In Kalihi, a neighborhood where children pass the prison’s razor-wire fence as they walk to and from Puuhale Elementary School about 25 yards away, little separates the prison from the auto body shops and aging apartments.

OCCC looks pretty much as it did in old episodes of "Hawaii Five-0." It’s a tired-looking complex with a maze of buildings, four watch towers, 1,023 inmates and 388 corrections officers. It is primarily Oahu’s pretrial holding center, where suspected criminals charged with anything from theft to murder await court hearings. Inmate housing varies in levels of security.

A $585,000 security system of 71 high-resolution video cameras installed last spring has improved the surveillance setup by replacing cameras that hadn’t worked for nearly a decade.

But Warden Clayton Frank said no amount of cameras can make a prison escape-proof.

"Our job is the protection of the general public," he said. "This time, we failed our first mission, which is to protect the community."

When third watch began at 2 p.m.
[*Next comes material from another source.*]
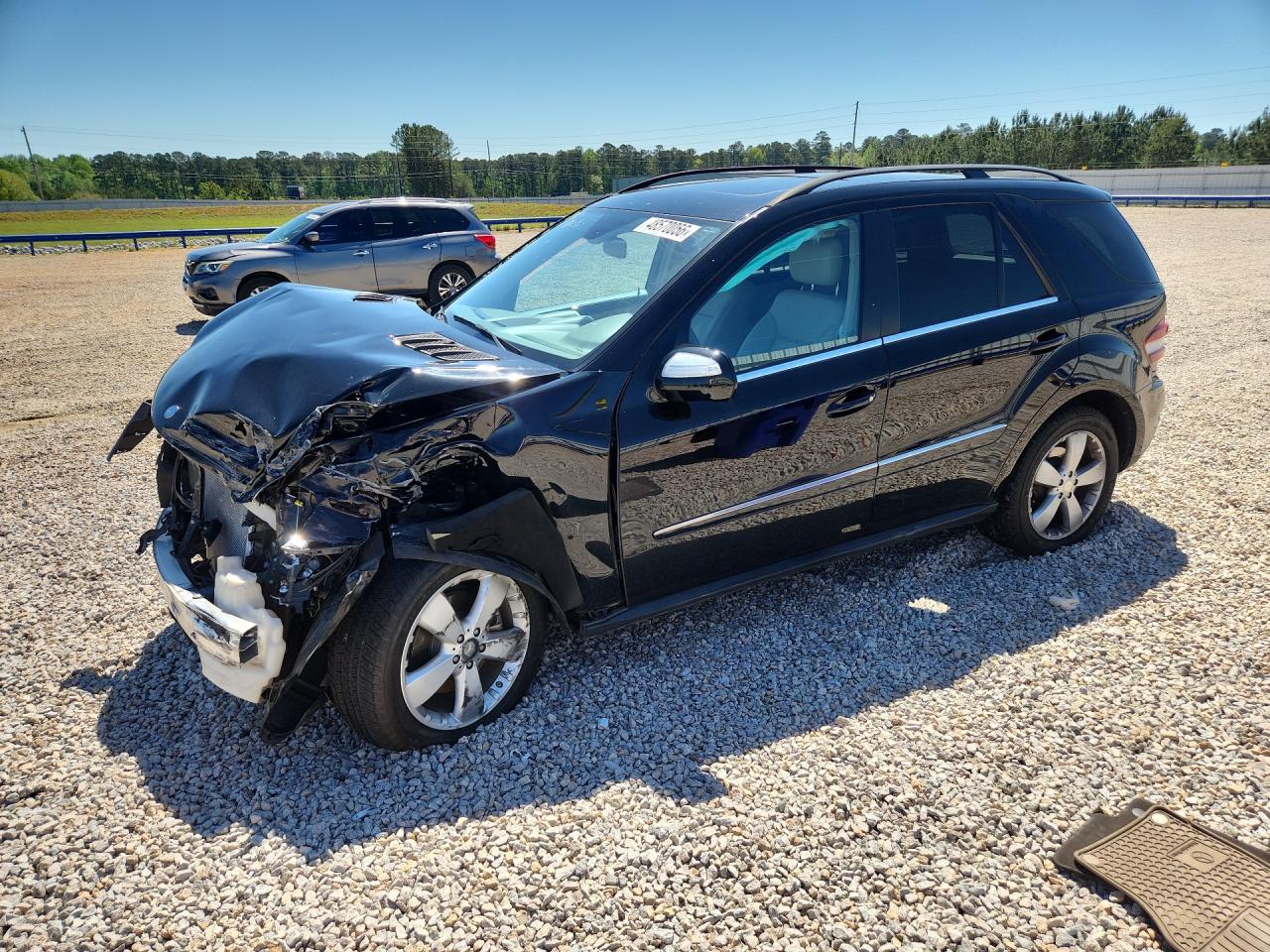 2010 Mercedes-Benz M-class VIN 4JGBB5GB5AA544251 photo 1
Wednesday, about 120 correction officers were on duty, including a guard in each of the watchtowers.

Silva was one of 83 inmates in the recreation yard on the south side of the prison. Usually, two guards patrol the recreation area, Frank said. On Wednesday, there was only one. When guards counted the passes for the inmates to get back inside at dinner time, one pass was left over.

It was Silva’s.

Silva was sent to OCCC after being arrested Jan. 8 on an auto theft charge. He was awaiting trial and hadn’t posted his $25,000 bail. He had been in and out of prison much of his adult life and already had an escape conviction on his record, in addition to crimes such as domestic abuse and burglary.
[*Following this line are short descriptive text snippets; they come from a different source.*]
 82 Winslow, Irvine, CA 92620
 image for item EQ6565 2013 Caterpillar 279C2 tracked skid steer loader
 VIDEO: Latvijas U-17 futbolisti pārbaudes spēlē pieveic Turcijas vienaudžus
Wednesday was Silva’s 37th birthday, and it was almost time for him to go back inside when he headed instead for the unlocked door and fence just beyond it in an area where the sliding part of the fence has less razor wire, Frank said.

A guard in tower No. 4 spotted him but didn’t pick up his rifle to aim at Silva until after he alerted central control that there was an inmate scaling the fence, the warden said.
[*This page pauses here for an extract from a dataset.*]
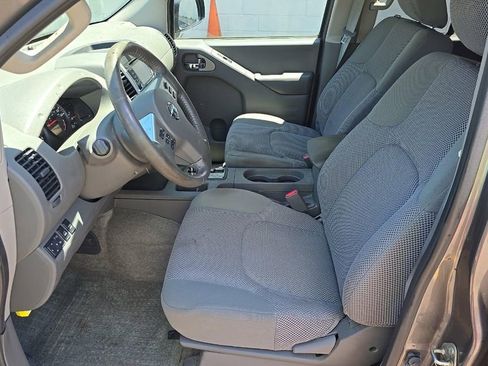 Used 2016 Nissan Frontier SV w/ SV Value Truck Package AWD/4WD image 8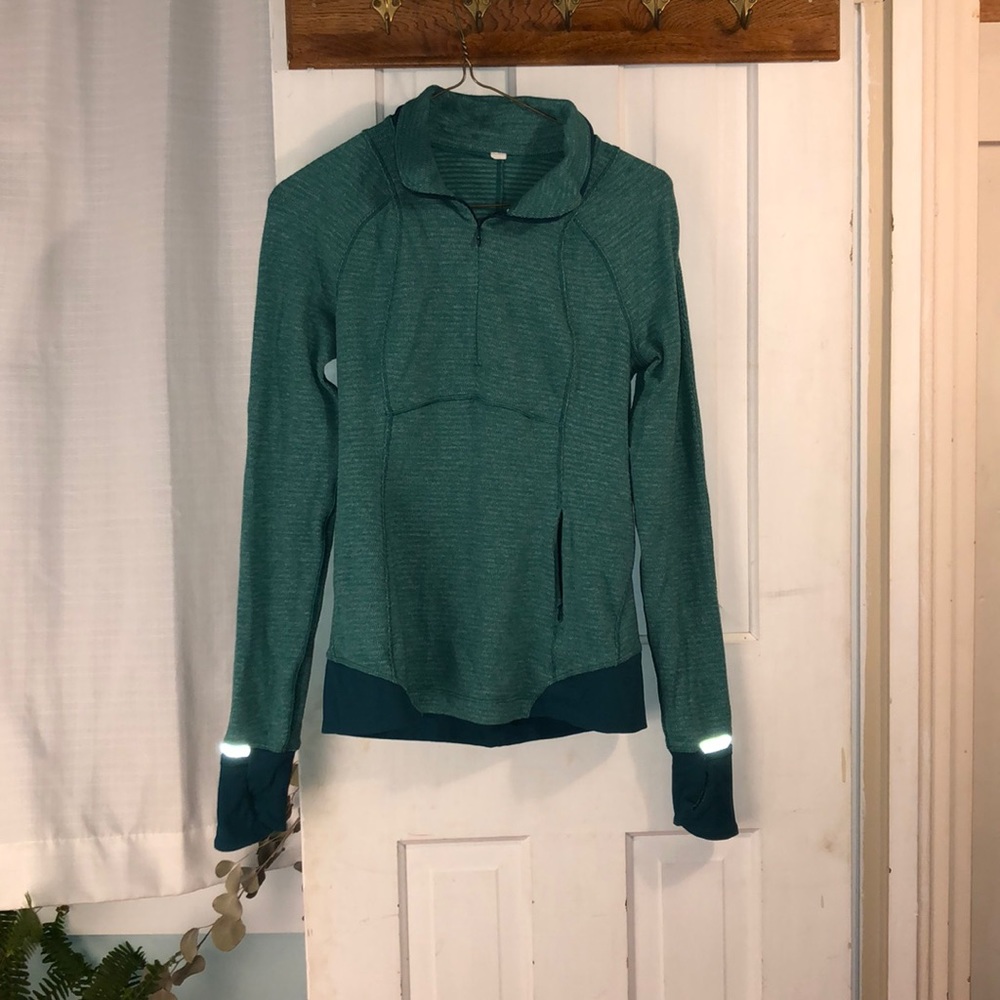 Lululemon Yoga Pullover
"It was like about three or four seconds, and he was over," Frank said. The guard told officials he didn’t have time to get a good shot, he said.

Silva headed toward guard tower No. 3, just across from the elementary school on Puuhale Road, but when the guard inside opened his window as if to allow him to shoot his rifle, Silva turned around and went the other way, Frank said. Silva then headed toward Middle Street and was still on the run late yesterday.

"Our tower guards did what they were supposed to do. They saw the escape," Frank said. "Our policy is before a shot is fired, they have to make sure they have a clear vision.

"I wouldn’t say I’m glad no shots were fired," he said. "I think, under the circumstances, no shots could have been fired."

Since 1992, 14 escapees from OCCC are still on the run. For the most part, "walkaways" trapped on the Island are caught, Frank said, yet some remain elusive or make it to the Mainland without detection.

Del Delizo, 30, who waited at a bus stop yesterday outside the prison, said he has the same safety concerns as the rest of the community, and he’s part of the prison system himself because a drug charge landed him in a work-furlough program.

"It’s public safety, isn’t it?" said Delizo, of Ewa Beach, who wants tighter security at the prison. "I have family out there as well."

In the wake of last month’s prison outbreak in Texas, in which seven convicts escaped from a state prison and are suspected of killing an Irving, Texas, police officer during a Christmas Eve robbery, OCCC’s warden said he has warned his staff not to become complacent.

In the working-class neighborhood surrounding the prison, neighbors hostage to the same wire fences live with no guarantees.

"I been here 20-something years. Only one time one runaway run straight by," said Dana Cheng, who owns C&H Body & Fender across the street from the prison. "They caught him."

Keolakhone Khamsouk, 33, is a little more worried about keeping her four children safe from harm. They go to school at Puuhale, within shooting distance of watch Tower Three.

In broken English, the words she speaks most clearly are that she is scared.